Anyways, on to more important things:
I am not going to pretend to know what these major decisions are like considering I've lived at home for my whole life (minus my 4 years at UCONN)and I work in Hartford. What i will say is that you need to be honest with yourself, and think about what/where you want your life to be. You also need to think about what it is that connects you to the (ex?)gf. Those answers obviously come from you alone, and only you know what will satisfy you.

It's too easy to say "do what makes you happy". "Do what you need to do" is more like it. Hopefully, what you need to do will in turn bring you fulfillment and happiness. I have no doubt that you'll figure it out.

Renee said...

Well, Claire, good thing you're young. I figured no one marginally older than you had said it yet, and I really wanted to be an asshole. There you have it.

It's brave to live someplace you aren't from. It's brave and difficult. I've studied in Belgium as a teenager and France as a college student and just never could reconcile all the Europhilia of many Americans. Without getting into the vast realm of political troubles facing Europe, I missed just not being me, feeling like I never saw a person of color unless they were in a subservient role, and McDonald's. Okay, I didn't miss McDonald's because I would go to the one in my town once a week and get a hot fudge sundae.

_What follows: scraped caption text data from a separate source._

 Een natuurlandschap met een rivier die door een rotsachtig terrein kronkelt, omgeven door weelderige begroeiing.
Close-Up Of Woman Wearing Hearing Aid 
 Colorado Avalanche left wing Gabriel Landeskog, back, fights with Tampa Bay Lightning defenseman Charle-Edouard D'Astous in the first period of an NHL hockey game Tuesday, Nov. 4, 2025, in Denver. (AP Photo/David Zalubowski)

It's funny how sometimes when you can make any decision you want, it's the one you didn't see yourself making that's the hardest. Seriously, I read that in like the 2nd Harry Potter and cried for days. But Dumbledore said it better.

Benson said...

You sure know how to get to me. I too have had to make those kinds of gutwrenching decisions and some tears had to fall. I don't know what to say right now but you are in my thoughts and prayers.
You write so damn good. don't stop.

No Wetsuit Girl said...

I just want to thank everyone for all their support. I'm trying to take my time making this decision and not let anyone pressure me to force it. I'm really going to be paying attention to ME when I get home, and will be doing the things I love when I'm there to try to get an idea of how my life would be different.

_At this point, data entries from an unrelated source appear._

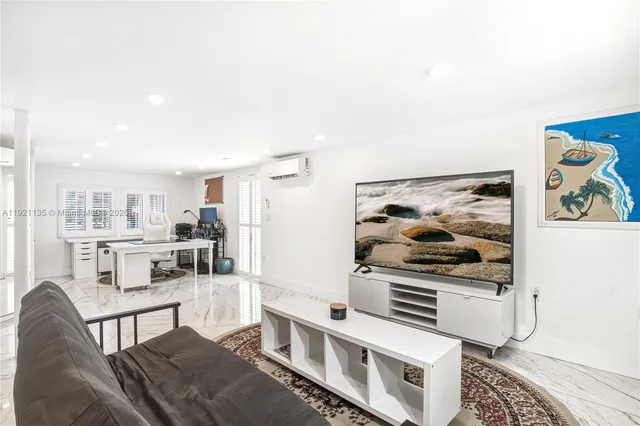 a living room with stainless steel appliances kitchen island granite countertop furniture and a rug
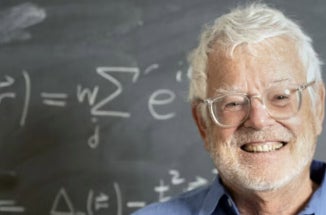 UT physicist Allan McDonald smiles by a blackboard bearing equations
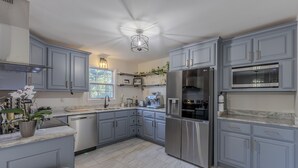 Une cuisine moderne avec des armoires grises, des appareils en acier inoxydable et un ventilateur de plafond.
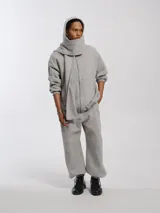 Buzo hoodie oversize de felpa de algodón color gris, con capucha y bufanda integrada que envuelve el cuello. Presenta cierre frontal y bolsillos canguro.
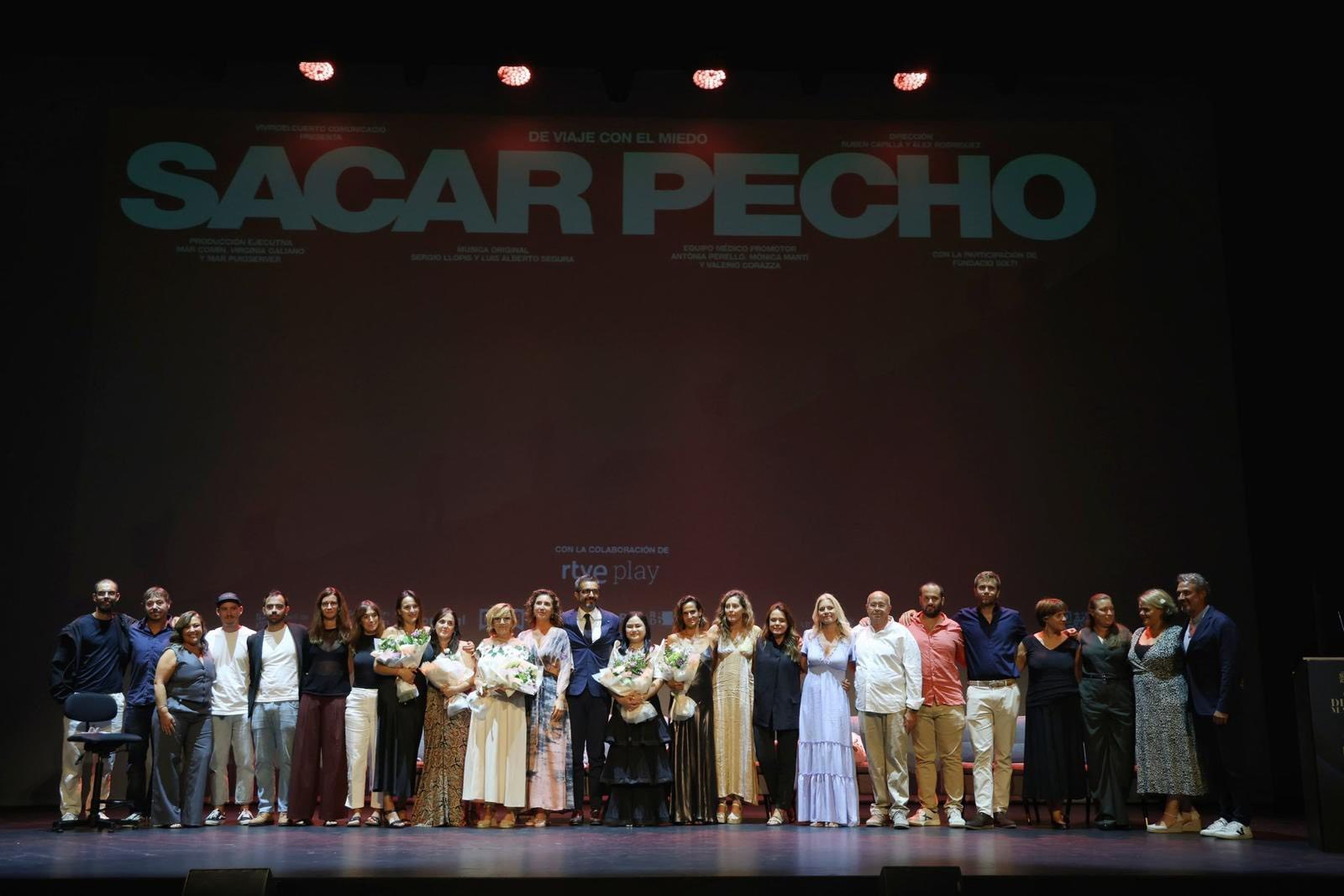 Cast, crew and medical team of the Sacar Pecho breast cancer documentary on stage at the Teatre Principal de Palma, Mallorca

Thank you all for your kind responses, prayers, and thoughts. It helped me a lot to write the post, but if I hadn't put it up there for the public I don't think I would have given so much credit to what I was feeling. Thank you all so much for reading and thinking about me.

Phoenix: Who DOESN'T want to be friends with Ani Difranco? Although I'd be afraid of saying something ignorant around her and then she'd hate me.

Ludwig: Don't worry, I'm going to keep writing, it's what I do. But how is it fair that you can hunt me down and you don't even have a blog for me to read? ;)

Angry: I think you're right about the "excesses" in the US, and when you go to Europe it's amazing to see that you don't NEED a drier, dishwasher, 15-room house to live. BUT, in the middle of winter when your clothes take 5 days to dry and they come off the line stiff as a board, you think driers are pretty charming.

WW:I'll sell you my Microsoft Paint + Blurry Picture program for $50, what do you think?

Renee: I'M YOUNG?! Oh my god, how come no one ever told me?! Thanks for putting my feelings so much more eloquently than I ever could. Yes, I DO feel like that about Europe. And what is it about McDonald's ice cream in Europe? I NEVER go to McD's at home, but here I have the ice cream about once a month...

Benson: Thanks for the vote of confidence. It's nice to know that people do in fact survive decisions like these.

Anonymous said...

Sorry forgot to put in the web address.

You can hunt me down now.

rocketpants said...

Thanks for sharing your struggle. You have a lot on your plate right now and I think it is wise of you just to evaluate your time in Spain before you come back to the US and then just 'see' what happens and how you respond when you come back.

I've been through a similar struggle in my past, after living overseas for 3 years. It may take awhile to sort out the details of where you need to be. Best of luck.